And I am Eris, the goddess of discord.
 

blackout

Violet.
I could sing and play some light slovenly coctail music during communion,
ok ... I'll even wear a slinky evening gown if you give me a few more months to slim down....

They had to pay me in the last church I played in.
I'll play for you boys just for the fun of it!

(Just don't burp your beer in my face,
or we might have a brawl.)
 

Mister_T

Forum Relic
Premium Member
*Cue: dreamy beautiful montage music..........Mystic floats in, sets down beer, roasted peanuts, chips and salsa, and hot wings for the boys*

Someone needs to work the grill outside, though, to help the appetite. Who's going to volunteer?

And, BTW, if you're extra nice to me I'll make you some chili. :flirt:

*exits*




Peace,
Mystic
I second Phil's comment. :yes:
 

Mister_T

Forum Relic
Premium Member
I could sing and play some light slovenly coctail music during communion,
ok ... I'll even wear a slinky evening gown if you give me a few more months to slim down....

They had to pay me in the last church I played in.
I'll play for you boys just for the fun of it!
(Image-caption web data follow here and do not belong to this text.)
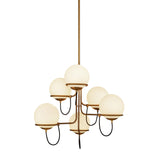 Alora Mood Alba 32-in Chandelier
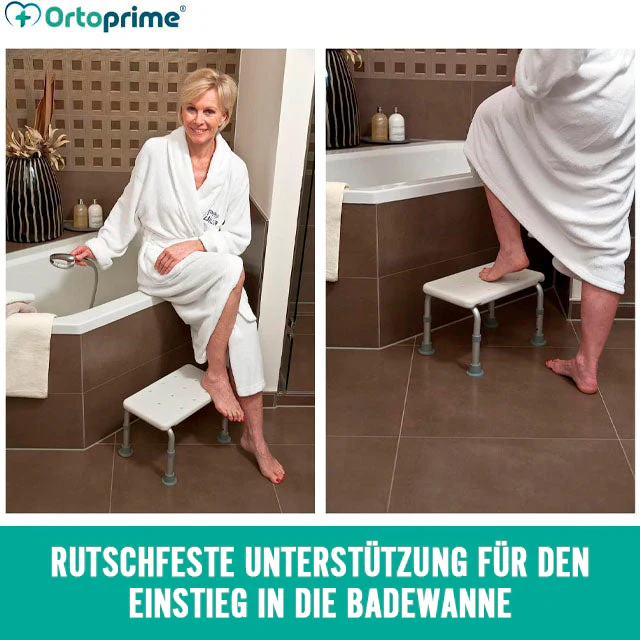 Rutschfester Dusch- und Badhocker - Image 3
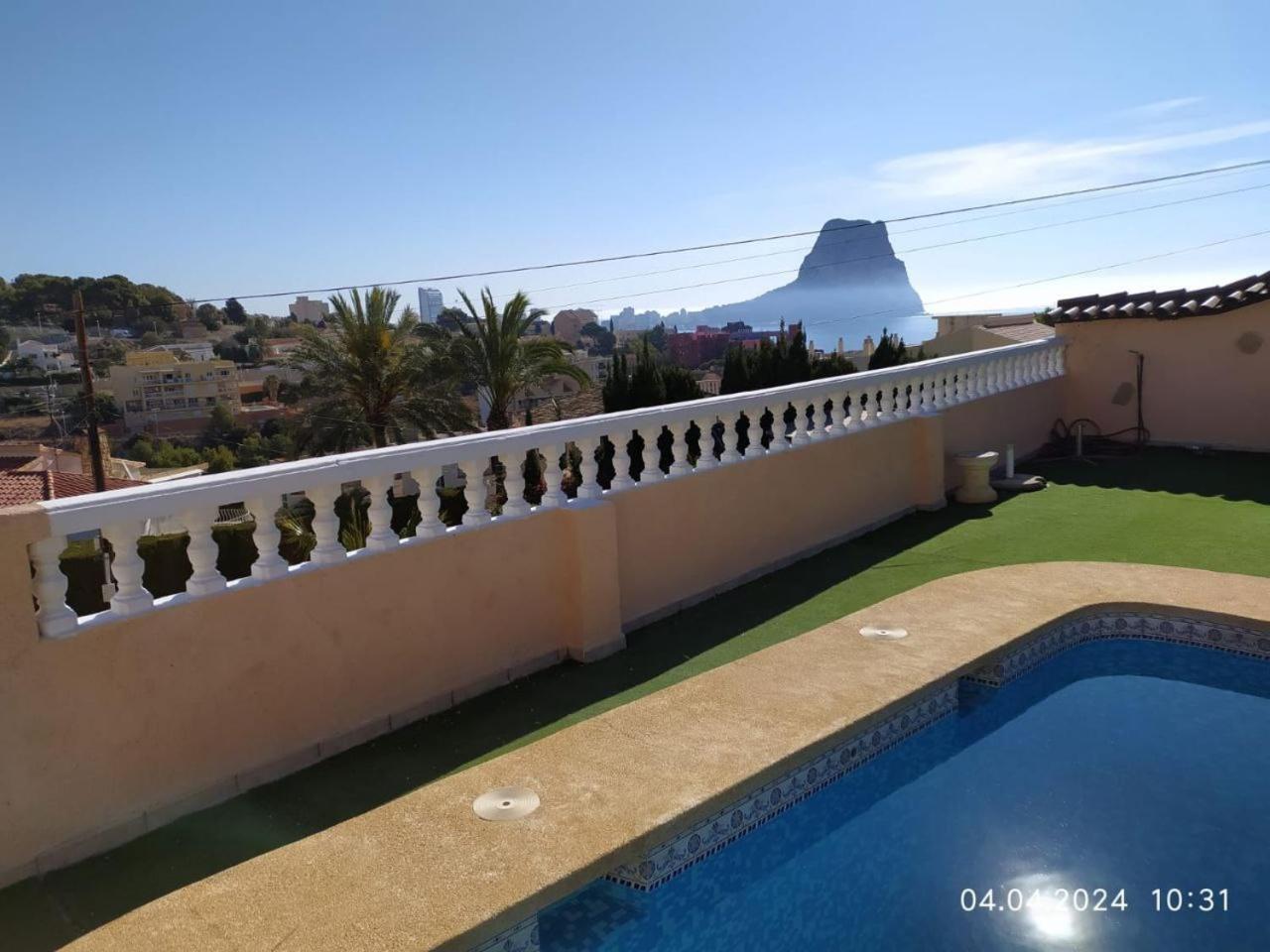 Appartementos Tosall 7 E Calpe Buitenkant foto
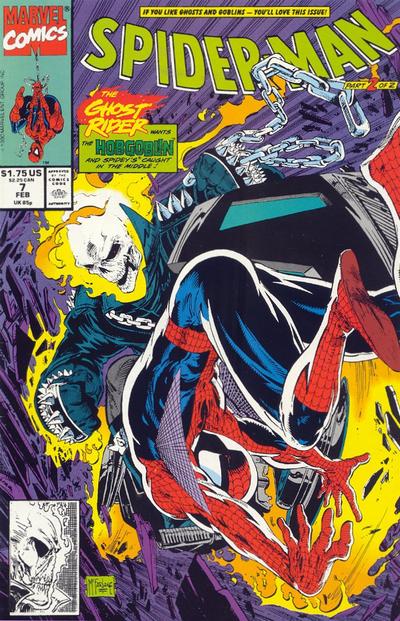 SPIDER-MAN (1990) #7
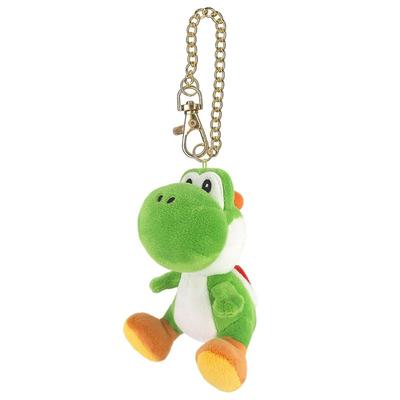 Sanei Boeki Super Mario ALL STAR COLLECTION Yoshi (Mascot) W9.5 X D9.5 X H12.5cm Plush Mascot MM03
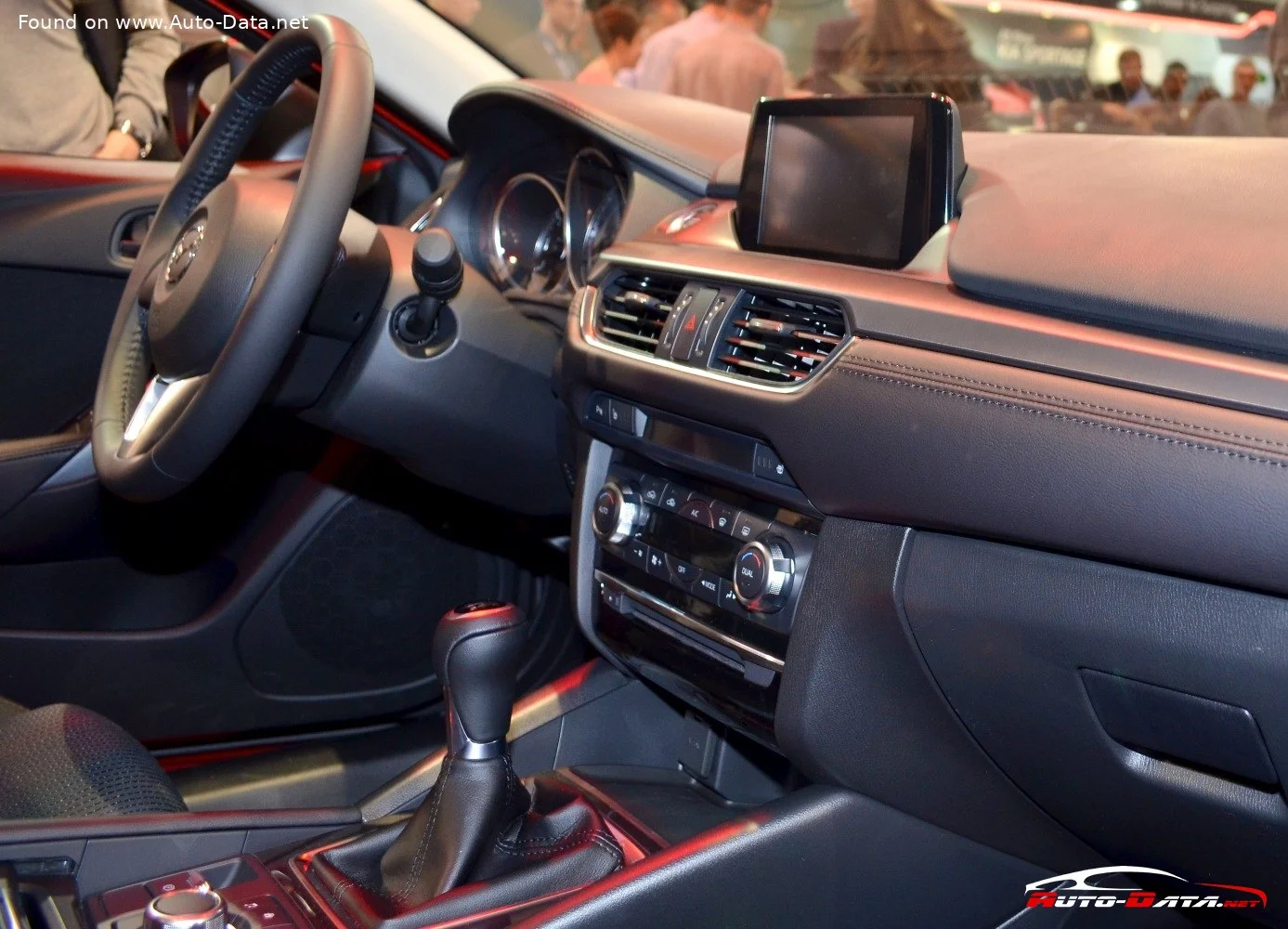 Mazda 6 2.0 SKYACTIV-G (145 Hp)2015 - 2017 thumbnail 6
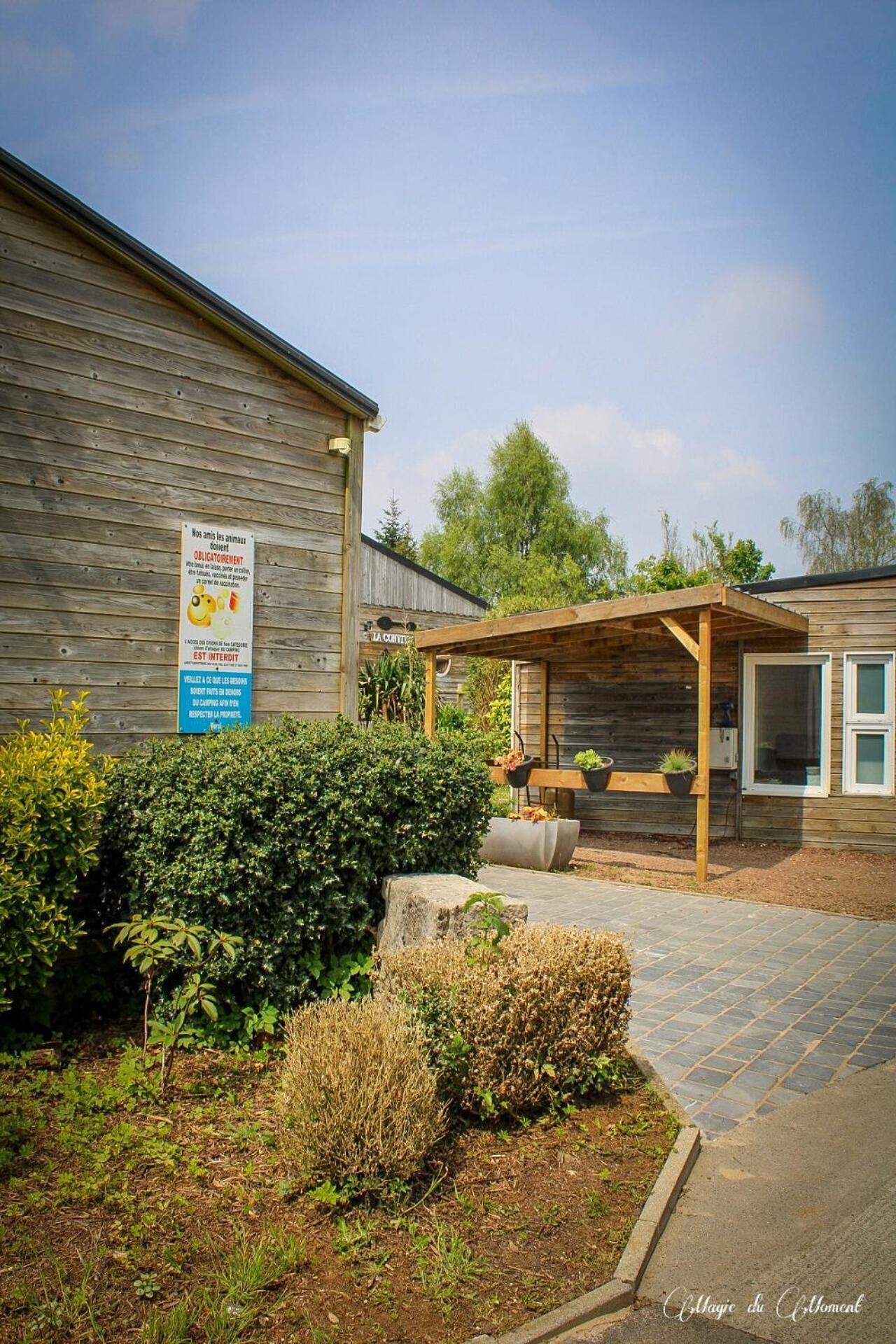 Camping La Sabliere Saint-Jans-Cappel Екстер'єр фото
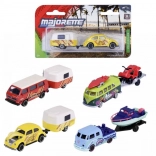 Autootje met aanhanger Volkswagen The Originals, 1:64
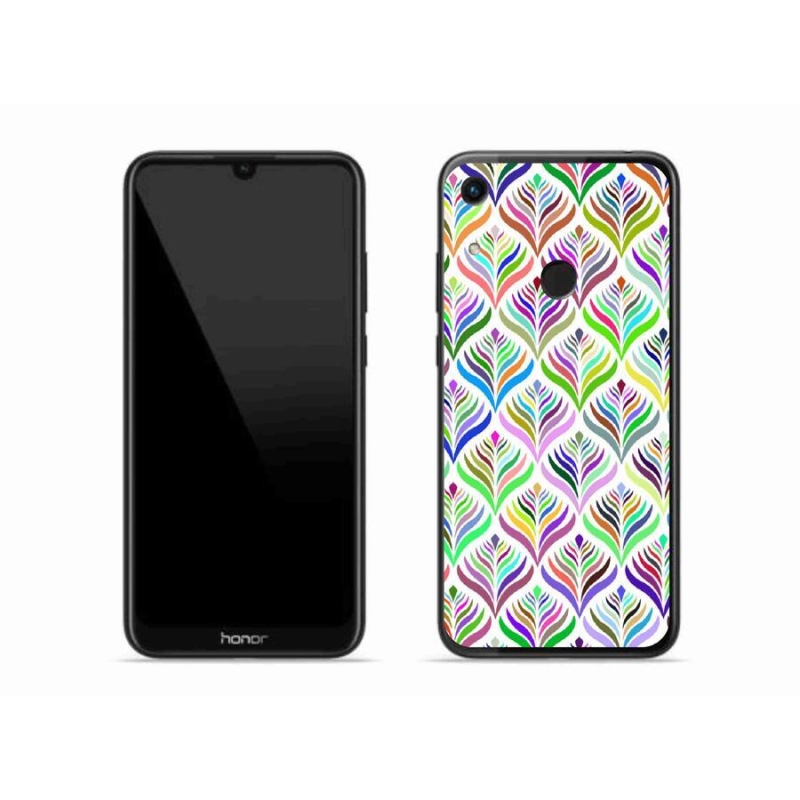 Zselés borítás mmCase a Honor 8A számára - kivonat 15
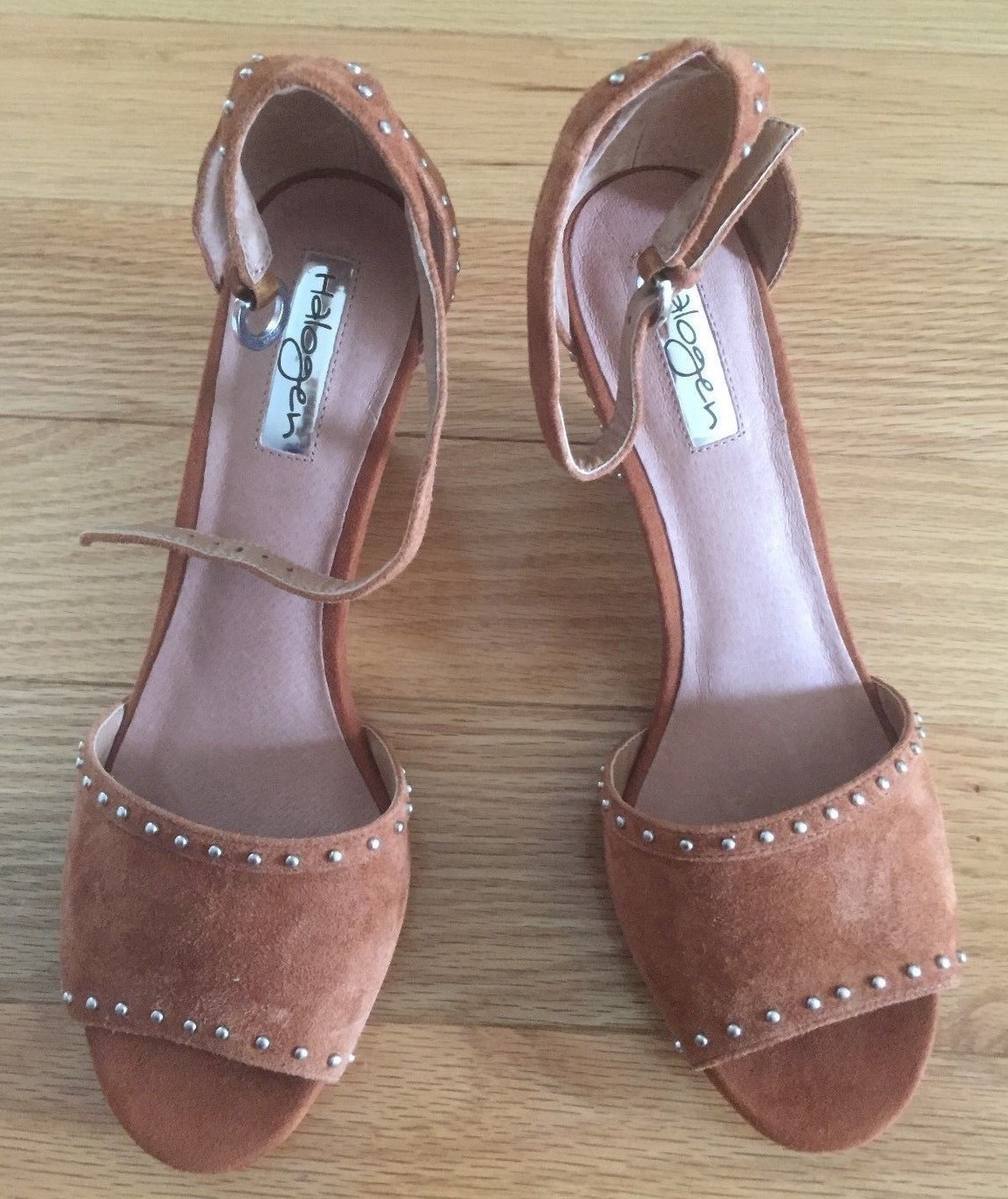 halogen shoes studded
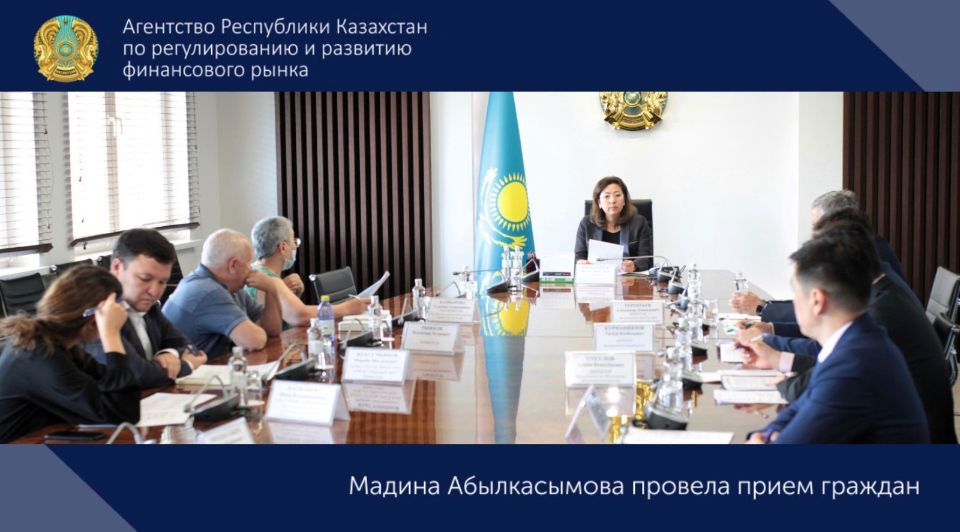 Мадина Абылкасымова провела прием граждан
(Just don't burp your beer in my face,
or we might have a brawl.)
I've never known the Church of Trampolines to turn down any new converts.....unless of course you hate beer......:areyoucra
 

9-10ths_Penguin

1/10 Subway Stalinist
Premium Member
Is it possible to have a genuine religious experience without being on a hunting trip?
The Gamaliel-Damascus walking tour has a bit of a reputation in that regard, but I don't know anyone personally who it's worked for, only nth-hand reports: "friend-of-a-friend-of-a-friend"-type stuff. ;)
 

Reverend Rick

Frubal Whore
Premium Member
(Scratches himself while deciding to fart or burp first) I done fixed the lawn mower and cannot finish my to do list because I ran out of beer. After I take a nap while snoring in the living room chair, I will be helplessly wondering what the little lady of the house will be cooking for supper tonight. If it is a real good meal, I might be tempted to grace her with my presence in the bedroom tonight with the television off for 20 minutes or so. If she makes desert, I might even take a shower before coming to bed if I don't decide to go hunting with the boys. :angel2:
 

Valjean

Veteran Member
Premium Member
How can one fuel pump be more manly than another? Are you putting in an Edelbrock or something?
Is it new or remanufactured? and isn't it easier to replace a fuel pump from above?
 

9-10ths_Penguin

1/10 Subway Stalinist
Premium Member
How can one fuel pump be more manly than another? Are you putting in an Edelbrock or something?
The current fuel pump is in the process of dying and doesn't always like to deliver fuel to the engine. I consider a properly working fuel pump to be more manly than an intermittently working one. :D

Is it new or remanufactured? and isn't it easier to replace a fuel pump from above?
New, it's looking. The fuel pump's plastic, so I'm not sure if I'd trust a remanufactured one.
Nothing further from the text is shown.